List<String> getHeaderResourceUrls(); // list of url's to fetch for rendering the header
void setHeaderDataReceived(ResourceData data); // data fetched for header resource URLs
List<String> getBodyResourceUrls(); // list of url's to fetch for rendering the body
void setBodyDataReceived(ResourceData data); // data fetched for body resource URLs
}
Here ResourceData represents the results of doing the concurrent fetch. Now the widgets just declare what resources need to be fetched. The orchestrator can then collect all this information by querying the widget, dedup them, and then make one concurrent fetch of all these resources. Once the data is available the appropriate set method is called so that widgets can update their local state and render the appropriate content for each of the generation phases.
Why two get/set combinations? In practice it turns out that we either need some data to be able to render personalized content in the header section (like title etc.,) or need to first do a setup like call to get some meta-data before doing the actual request during the body phase. Splitting it into to and then providing a budget of 50 ms for the header resources and 150 ms for the body resources still allows us to provide adequate budgets for a quick header flush, followed by a more generous body content generation.
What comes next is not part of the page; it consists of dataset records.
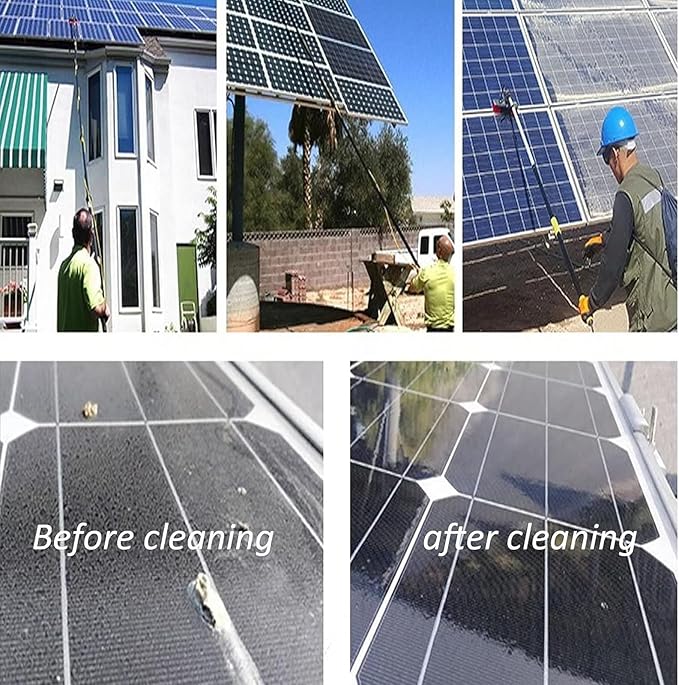 Telescopic Water fed Window Cleaner Set with 7m Rod and 30cm Brush Head Ideal for Cleaning Photovoltaics and Solar Panels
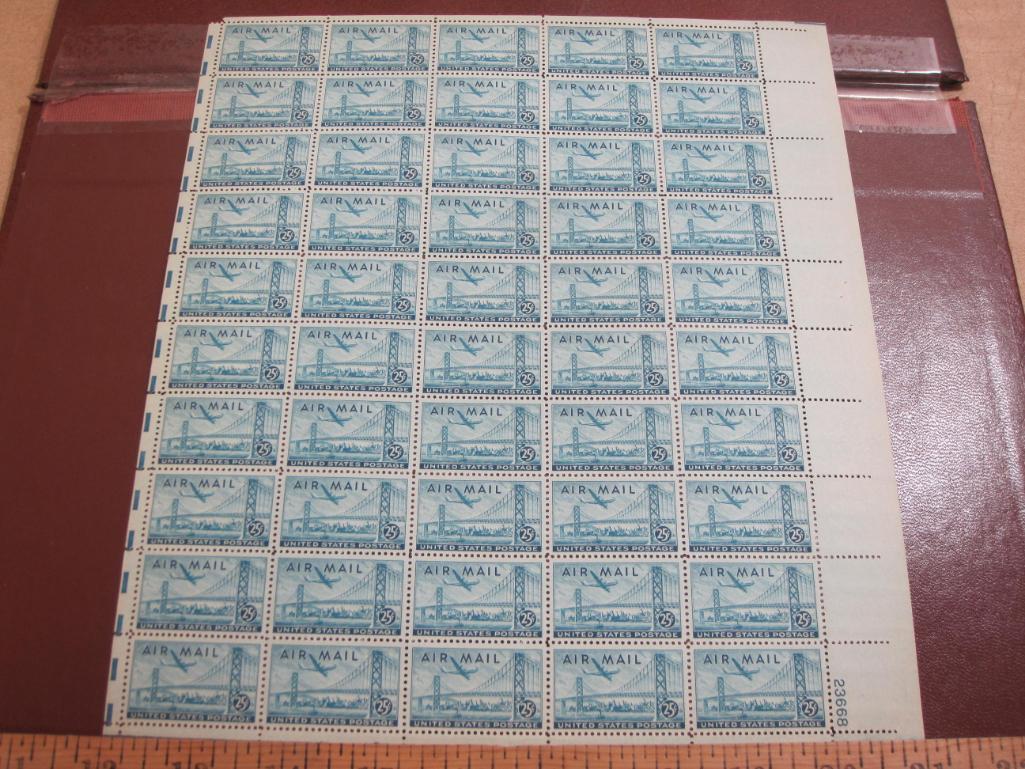 Full sheet of 50 1946 25 cent Plane Over Bridge US postage stamps, Scott # C36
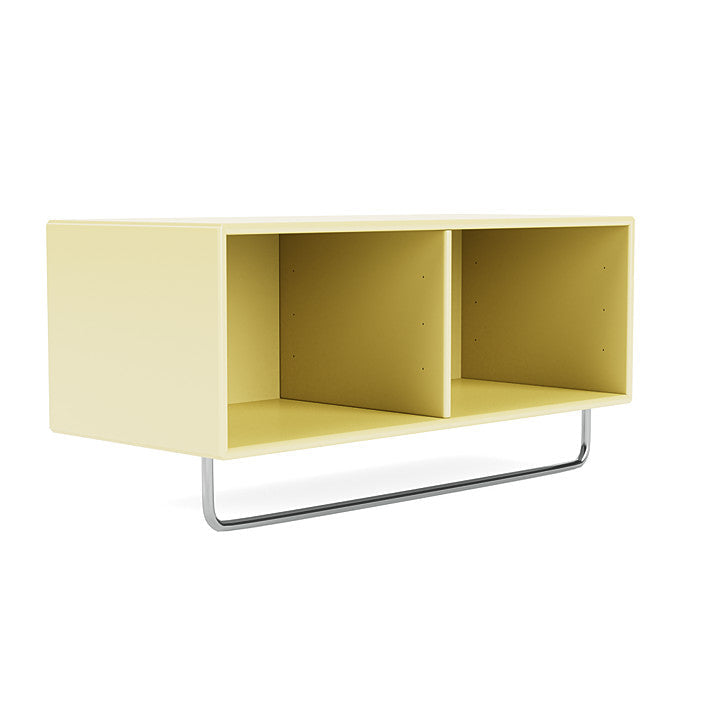 Montana Coat Shelf With Clothes Rack, Chamomile Yellow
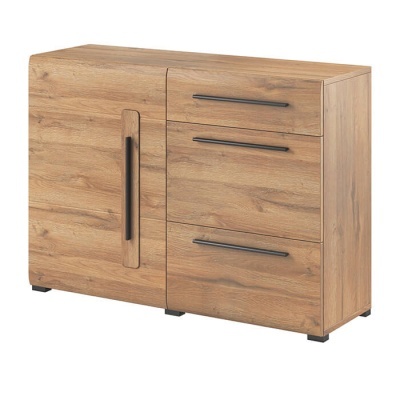 Móvel em madeira carvalho com porta e gavetas, puxadores pretos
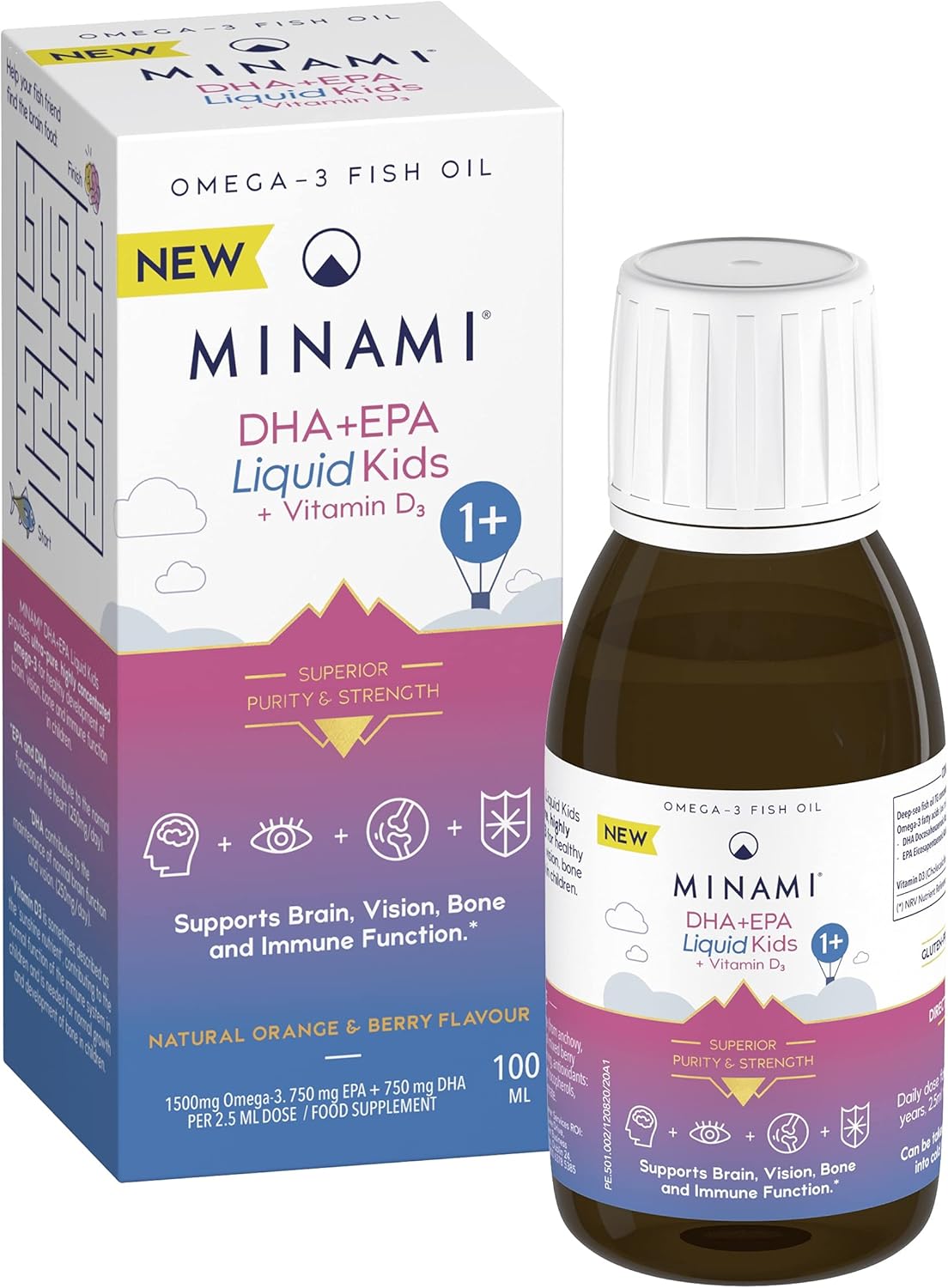 Minami DHA+EPA Liquid Kids + Vitamin D3, Natural Orange & Berry - 100 ml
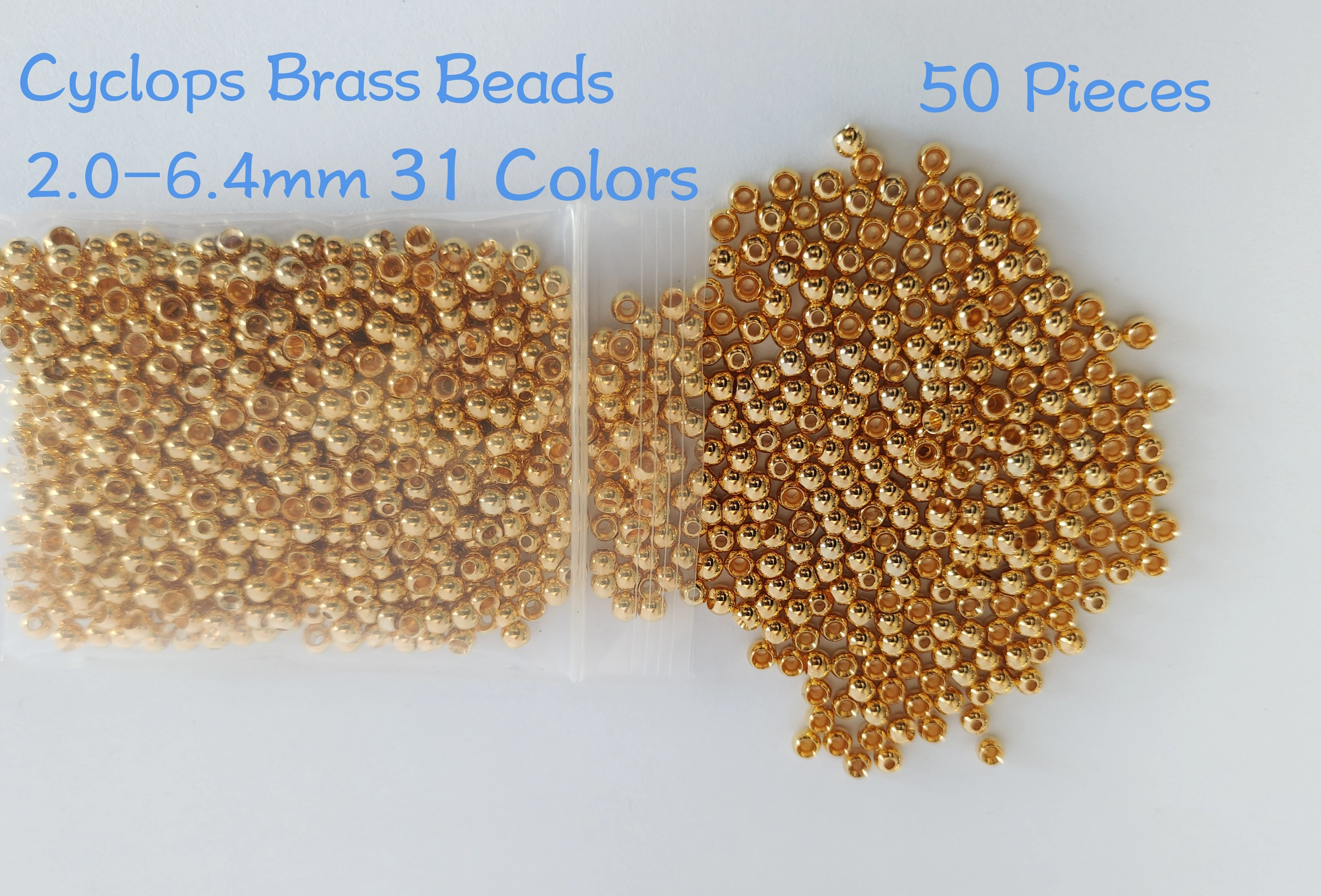 50 Pieces 31 Colors 2.0mm-6.4mm Cyclops Brass Beads for Fly Tying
Finally, the psuedo-code for the orchestrator itself now becomes
build list of widgets given current request
collect all resource requests for HTML head content
fetch resources concurrently
render the HTML head content with early flush
collect all resource requests for HTML body content
fetch resources concurrently
render the HTML body content
The nice thing is that this micro-framework idea can be implemented in almost any language, including PHP (for example using the curl multiget for the concurrent fetch). And it allows the rest of the system to have generous budgets, while still controlling the overall render time performance for the HTML on the server side.
The render phases can mostly be syncrhonous as they are compute bound and working on local data. This leads to, what is computer science, we call high cohesion, but low coupling between the widgets. Each widget or component author can work fairly independently of others, which also leads to better maintainence and easier evolution of the web page as the requirements change.
Observations
While algorithmic complexity (and Big-O notation) are useful to describe and reason about the runtime characteristics of code at the small scale, performance in today’s systems is mostly governed by I/O latency. As computers have evolved, memory and I/O access speeds have not kept up with processor speeds. So most CPU’s spend a lot of idle time waiting for data. This requires us to think differently on how to attain “global optima” of performance by factoring in the I/O cost. As can be seen above, doing so does not have to mean sacrificing code maintainabilty or structure. Instead, we can use separation of concerns to solve for each using the appropriate tools, while still leaving most of the code synchronous and easy to reason about.